Directions for the data below: repeat exactly the lines from the one with "TEORI NAGA KAMP4NG" through the one with "Carcasa para iPhone", both included, and omit all pictures.
Input material: Begin
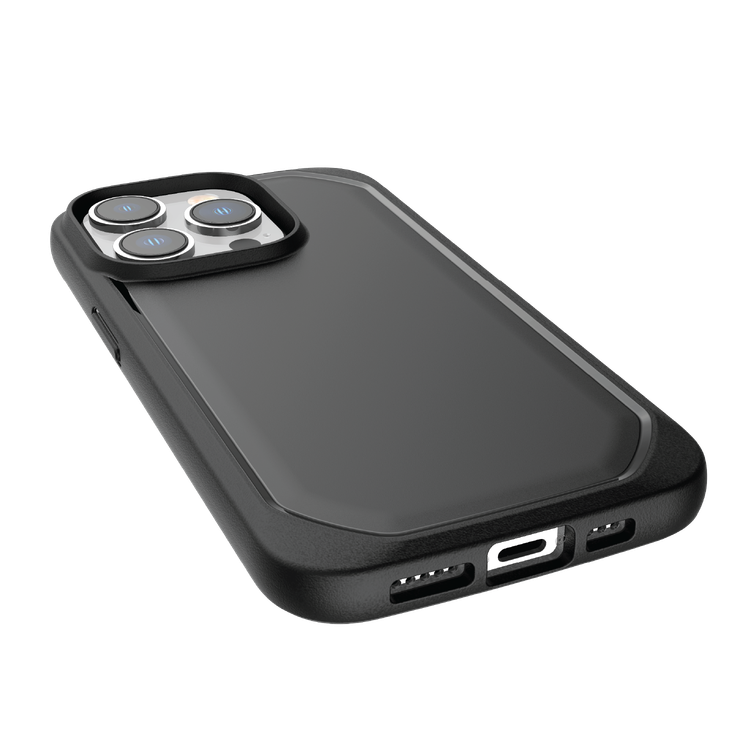 X-Doria Raptic Slim Compatible with iPhone 14 Pro - Black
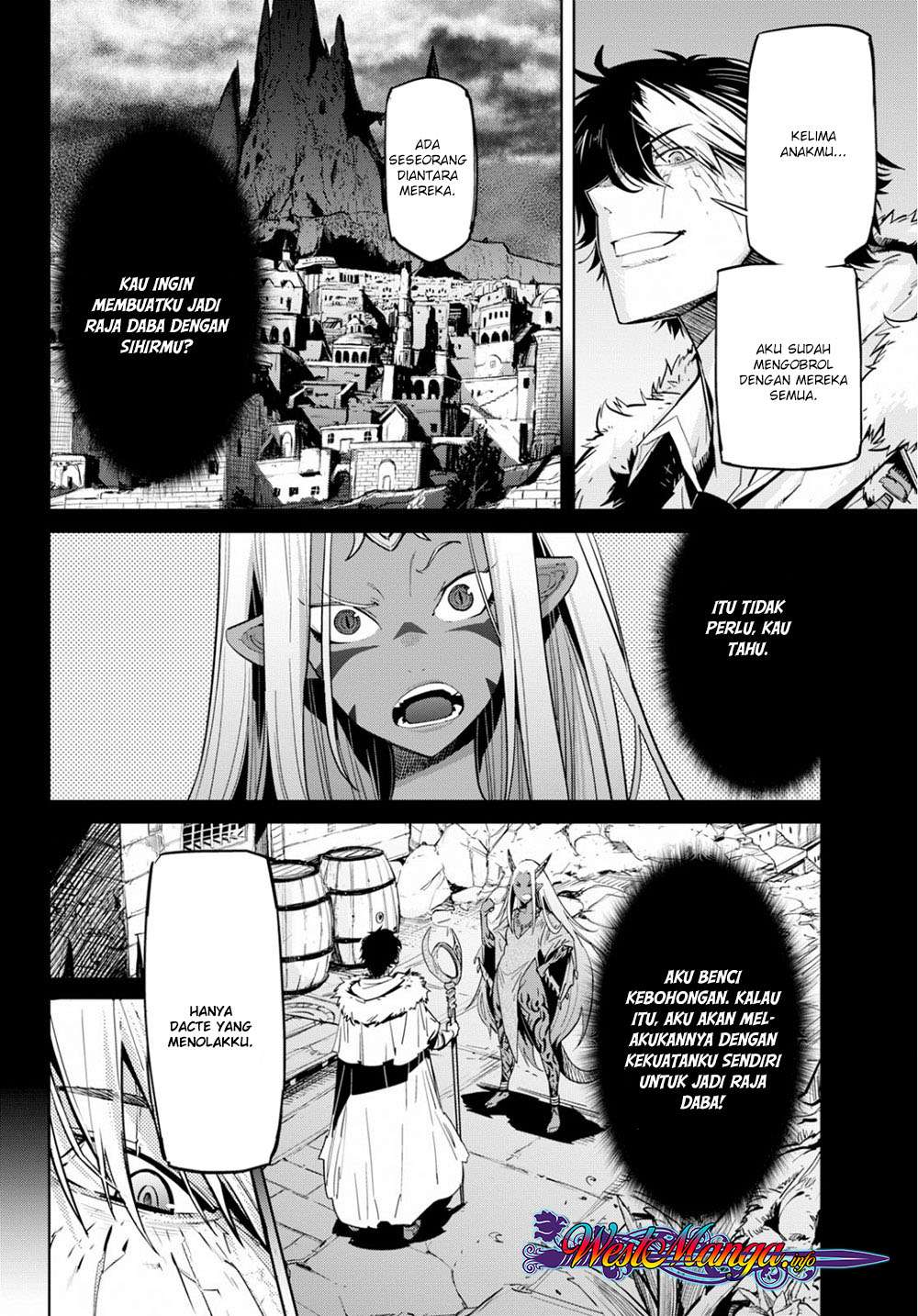 Game obu Familia - Family Senki Chapter 17 - halaman 17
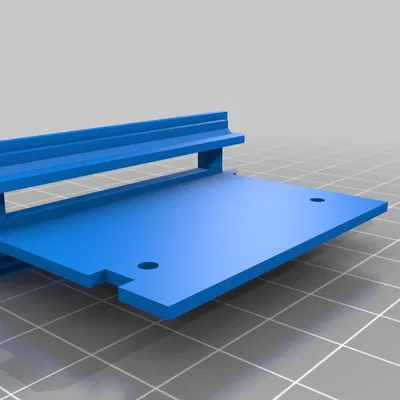 Nắp trap door sau Amiga 1200 cho CF adapter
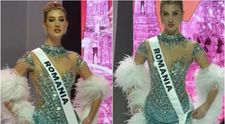 „Am pierdut un pariu de am trimis-o acolo?”. Fata care a reprezentat România la Miss Universe, val de critici pe rețelele de socializare. Cum arată Cătălina Jacob, blonda care a stârnit controverse pe rețelele de socializare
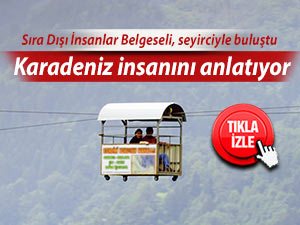 SIRA DIŞI İNSANLAR BELGESELİ, SEYİRCİYLE BULUŞTU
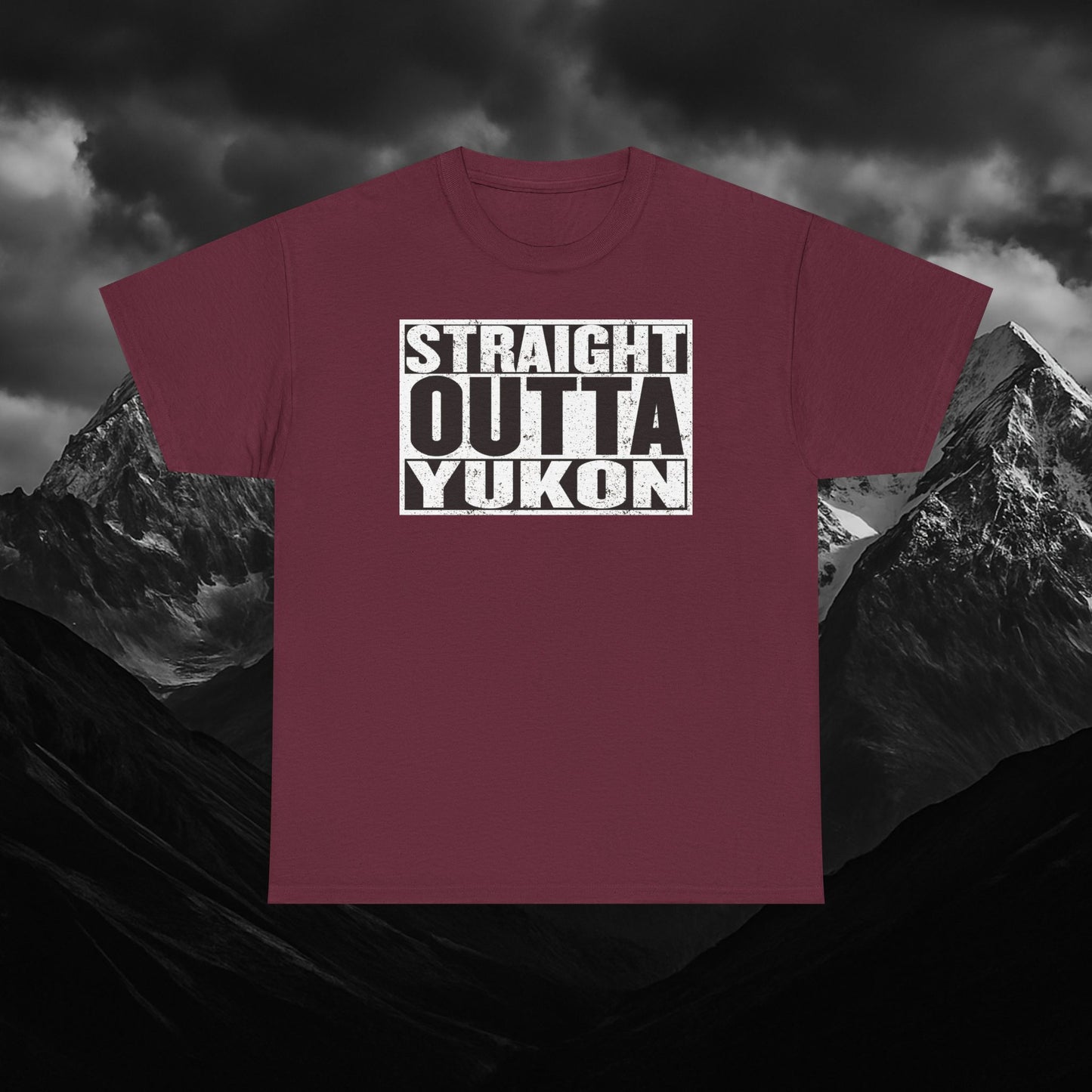 1. Yukon - Gildan Heavy Cotton T-Shirt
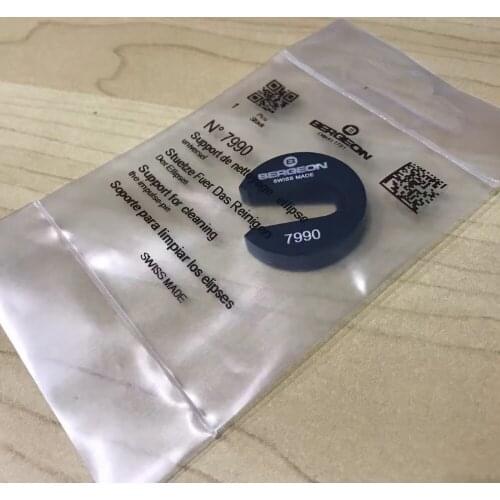 BERGEON 7990 Support for cleaning the impulse-pin soport para limpiar los elipses watch tools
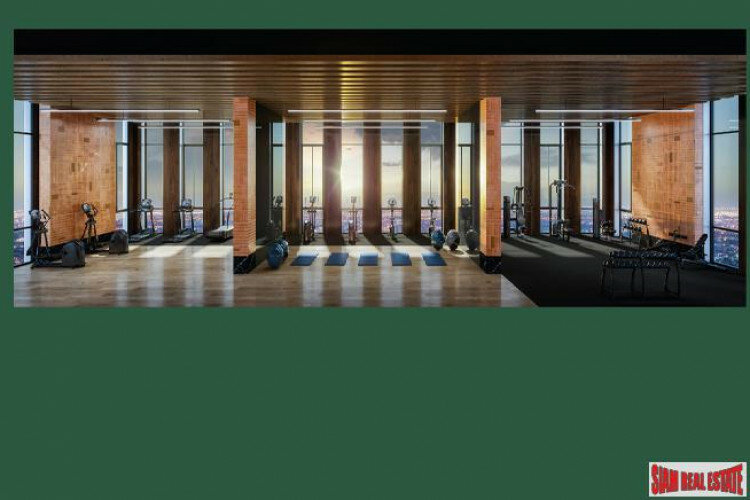 Квартира в Бангкоке, Таиланд | THE218310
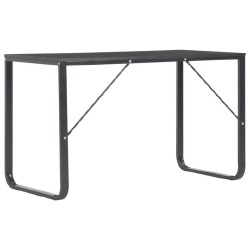Kompiuterio stalas, juodas, 120x60x73cm - Darbo stalai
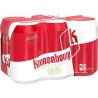 Kronenbourg Bière blonde 4.2% 33cl (pack de 6)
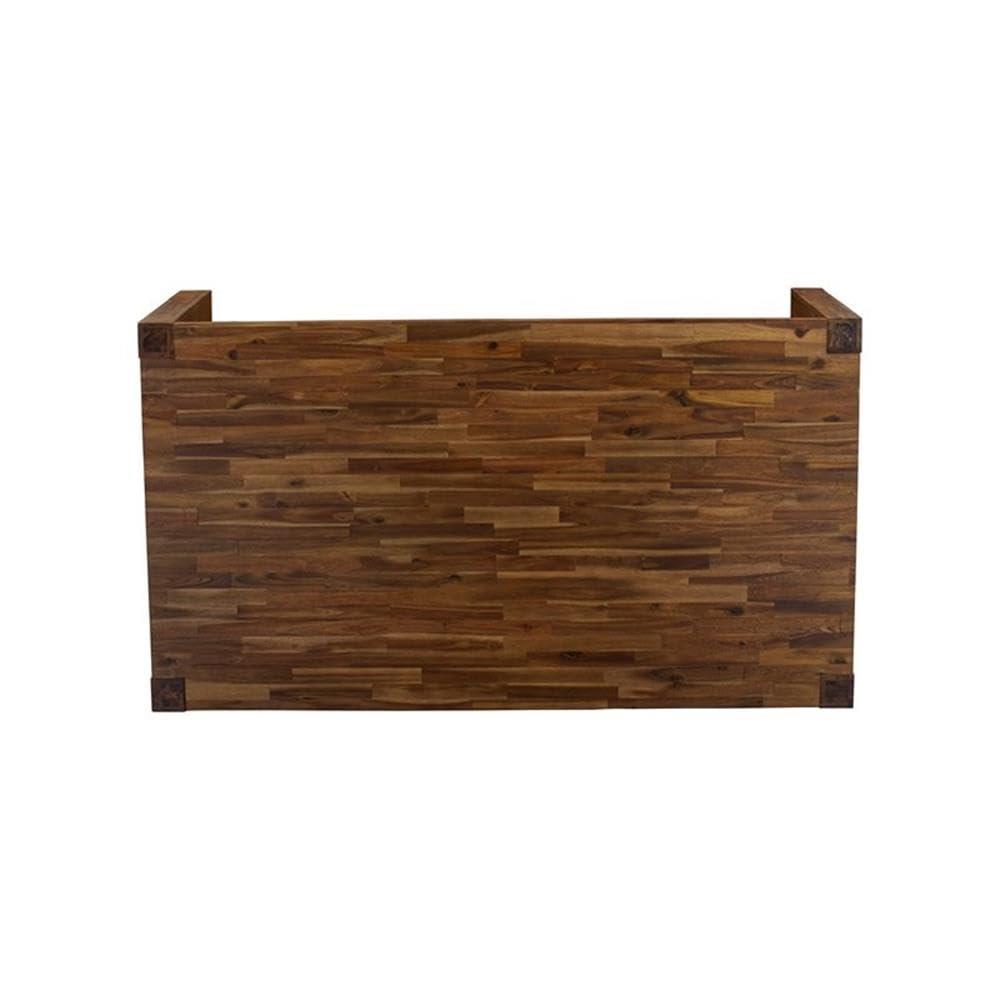 East West Furniture LM7-0N-T  Gorgeous Rectangular Small Dining Table with Antique Walnut Color Table Top Surface and Asian Wood Dinette Table Wooden Legs - Antique Walnut Finish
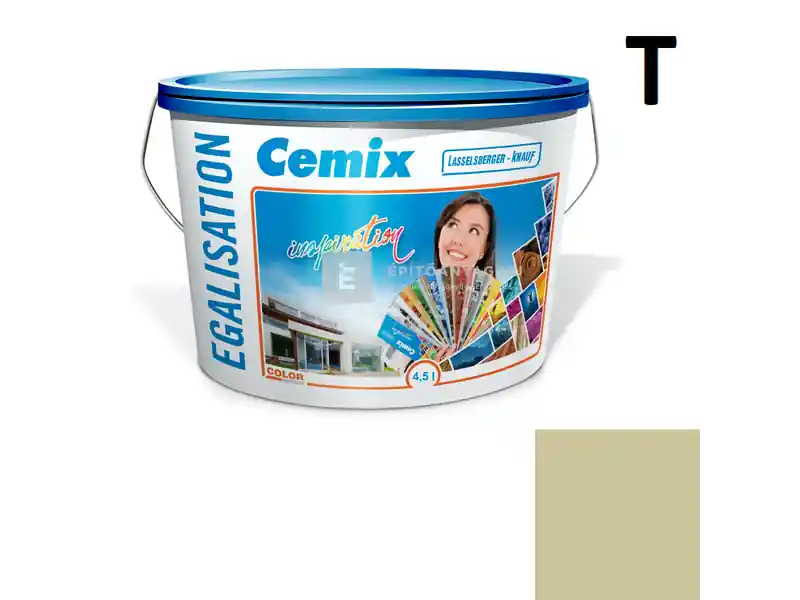 Csak ma Cemix 2805 Egalisation színfelújító homlokzatfesték 4547 green 4,5 l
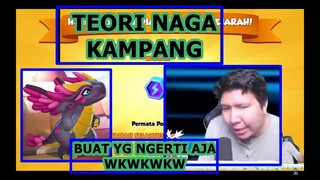 TEORI NAGA KAMP4NG YANG DARI SUMATRA PASTI NGAKAK -  MOMEN KOCAK WINDAH BASUDARA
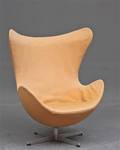 Arne Jacobsen. Lænestol model 3316 Ægget 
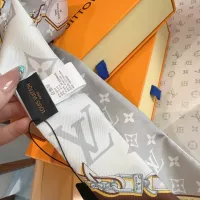 Cheap Louis Vuitton Silk Scarf #1326447 Replica Wholesale [$29.00 USD] [ITEM#1326447] on Replica Louis Vuitton Scarf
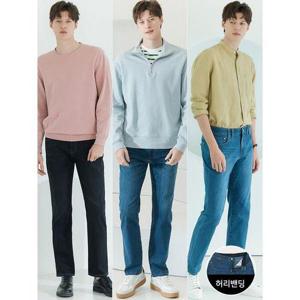 [뱅뱅]남성 오리지널 스판 데님 3종택1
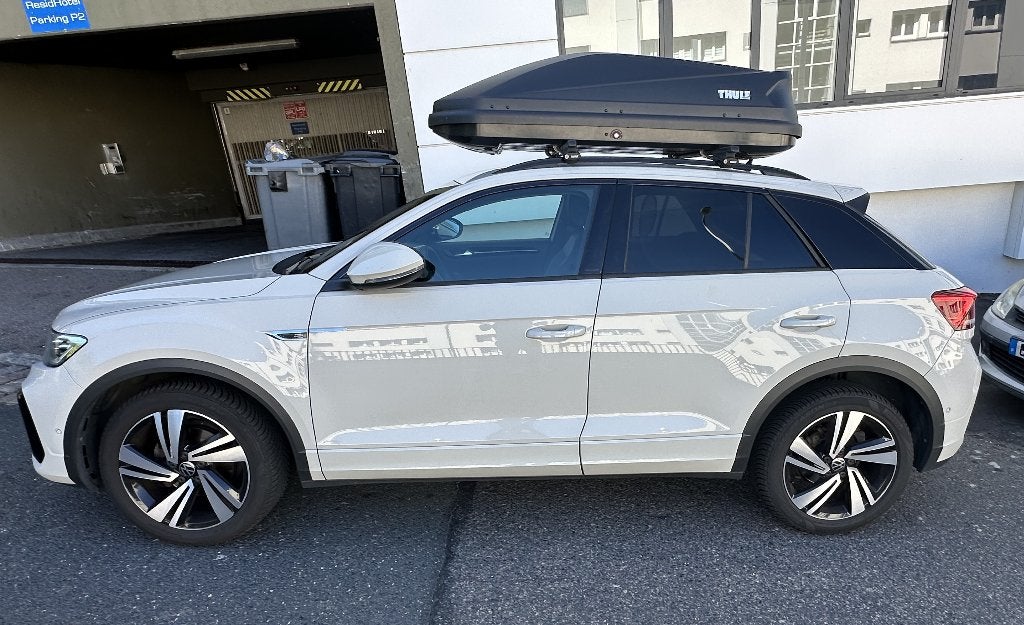 complete dakdragerset (ex koffer)oa volkswagen T Roc -  €105, Ophalen, Gebruikt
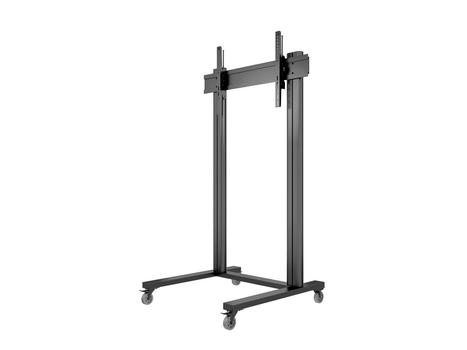 MULTIBRACKETS M Public Display Stand 210 Dual Pillar Wheelbase Black (7350073732753)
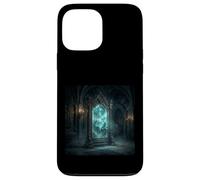 Carcasa para iPhone 13 Pro MAX Gráfico de Mystic Mirror Portal Gothic Fantasy Magic Realm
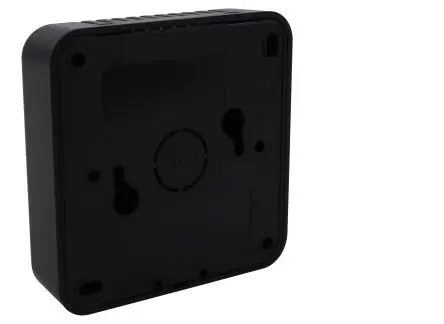 Produktfoto 1 von CAMDENBOSS CBR; Gehäuse; ABS; Schwarz IP20 Breite 86 mm Höhe 25.5 mm Länge 86 mm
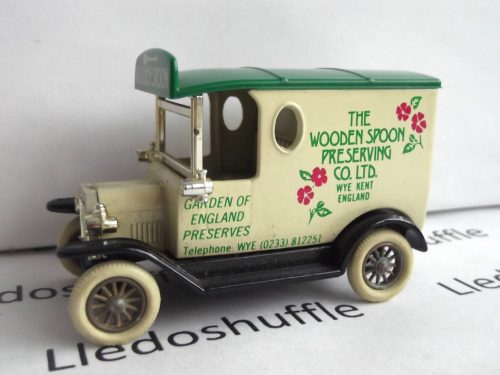 LP06118, Model T Ford Van, The Wooden Spoon Preserving Co. Ltd., Wye, Kent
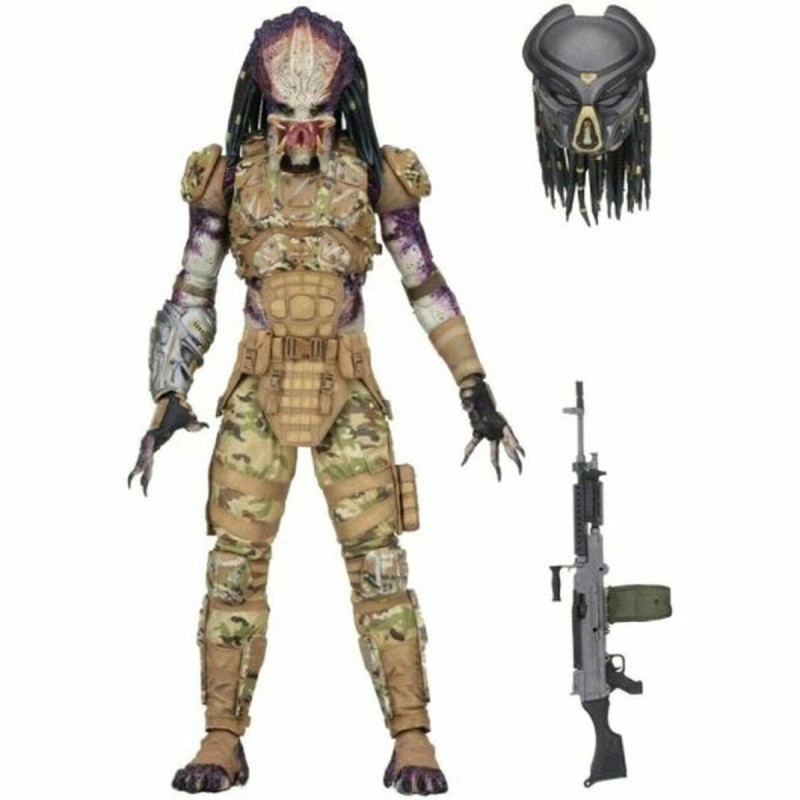 Action Figure Neca Fugitive Predator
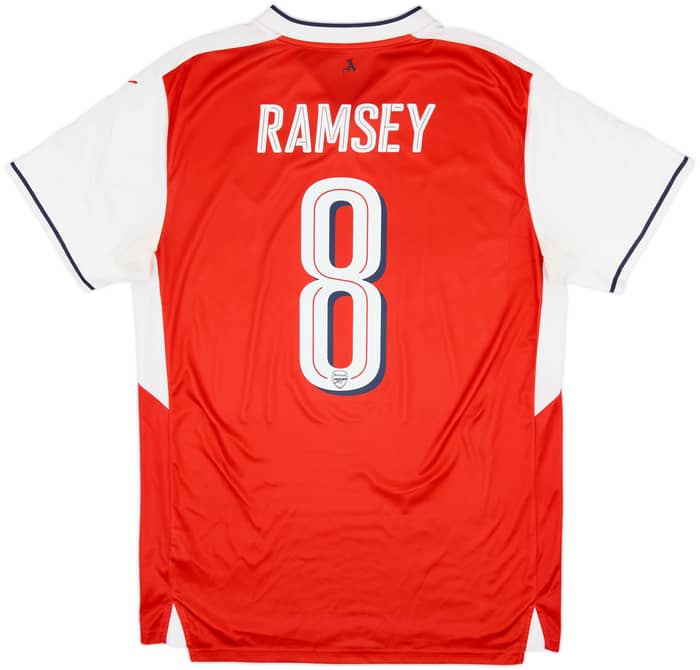 2016-17 Arsenal Home Shirt Ramsey #8 - 5/10 - (L)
Input material: End
- Response area:
 TEORI NAGA KAMP4NG YANG DARI SUMATRA PASTI NGAKAK -  MOMEN KOCAK WINDAH BASUDARA
 Arne Jacobsen. Lænestol model 3316 Ægget 
 Cheap Louis Vuitton Silk Scarf #1326447 Replica Wholesale [$29.00 USD] [ITEM#1326447] on Replica Louis Vuitton Scarf
 [뱅뱅]남성 오리지널 스판 데님 3종택1
 complete dakdragerset (ex koffer)oa volkswagen T Roc -  €105, Ophalen, Gebruikt
 MULTIBRACKETS M Public Display Stand 210 Dual Pillar Wheelbase Black (7350073732753)
 Carcasa para iPhone 13 Pro MAX Gráfico de Mystic Mirror Portal Gothic Fantasy Magic Realm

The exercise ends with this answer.